Over the course of its history Sicily has developed a rich agro-food heritage. Amongst its products of undisputed economical, historical and cultural value, bread plays a primary role. In Sicily bread is everything: culture, history, tradition, work, however it also has a unique taste than cannot be recreated. Already at the end of the Medieval period nobody ate any other bread than that made from durum wheat. In the peasant culture of preindustrial Sicily the real man was who ate homemade bread, obtained by the sweat on his own brow. Domestic bread making was typically a job for women: Saturday afternoon, when the worker returned from the field, he found warm homemade bread and some pies or pizza with parsley and oil. One of the most popular and traditional Sicilian breads around was, and still is, the homemade bread made with durum wheat flour, characterized by having tiny air bubbles inside. Its preparation requires a specific process, characterized by a dough with a low water percentage compared to standard preparation. This type of bread can be kept for a long time due to its low water content which makes it less susceptible to molds. This homemade Sicilian bread is also called scaniatu, a Sicilian word which describes how it is kneaded, vigorously using traditional utensils and methods, although today we see a production more and more using modern techniques and tools.
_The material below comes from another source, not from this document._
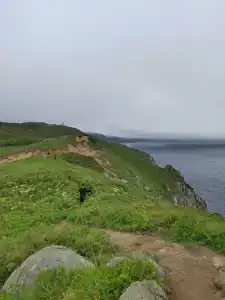 Морской бриз в Шепалово - 50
Of all the different forms of bread most known and popular in Sicily la Mafalda certainly stands out being produced all over the region. The Mafalda is a bread with a golden crust and the delicate and characteristic taste of sesame seeds, it is shaped in different forms, among which for example are the “occhi di Santa Lucia” and the “Corona”, obtained by cutting the form of a crescent moon in two places on the upper side of a lump of dough, ensuring that it is not more than three hundred grams, so that when it rises and bakes it opens up into a fan in the cut part, making it look like exactly like a crown. The ingredients for the production of a Mafalda are 00 flour, malt, sesame seeds, brewer’s yeast and salt. It is prepared by dissolving the yeast in tepid water and then adding it to the oil and the malt, kneading it all together with the flour and salt. The dough is worked vigorously to work the gluten and then it is left to rest. They are then formed into long cylinders that are folded back on themselves in a spiral four times, with the first part put on the upper side of the bread. The upper side is dampened with water and sprinkled with sesame seeds then left to rest in a warm place for at least two hours after which it is finally baked. In Sicily, in addition to the traditional breads prepared with durum wheat flour, baked goods made with soft wheat, generally identified as “white bread”, are also available. With the arrival of raw ingredients and “modern” technologies like electric ovens and mixers production time has been reduced allowing better response to the requirements of the large urban areas, where it is necessary to bake more times throughout the course of the day.
Recipe by Piergiorgio Giorilli
(Master baker, lecturer and president of the “Richemont Club Italia e International”)
Biga 16/20 hours
- 1,000g Flour W 300
- 440g Water
- 10g Yeast
Mixing time for the biga
Spiral: 3 minutes on the first speed
Plunging: 4 minutes on the first speed
Fork: 5 minutes on the first speed
Temperature for leavening of the biga: 17°/20°C
For the dough
- 3,000g Durum wheat flour 00
- 1,760g Water (55% of the total flour)
- 90g Yeast (3% of the added flour)
- 88g Salt (2.2% of the total flour)
- 20g Malt (0.5% of the total flour)
Spiral: 6 minutes on the first speed – 4 minutes on the second speed
Plunging: 8 minutes on the first speed – 4 minutes on the second speed
Final temperature of the dough: 25°C
Knead together all the ingredients adding only half of the salt. Let it rest for 20 minutes. Take off the desired weight. Form it into long strips, making them to the desired length and giving it the classic shape. Dampen the surface of the dough with water and sprinkle on the sesame seeds. Place on a baking tray and let rise for around 60 minutes at 27°/28°C. Cook in a steam oven at 220 °C and open the damper for the last five minutes of cooking.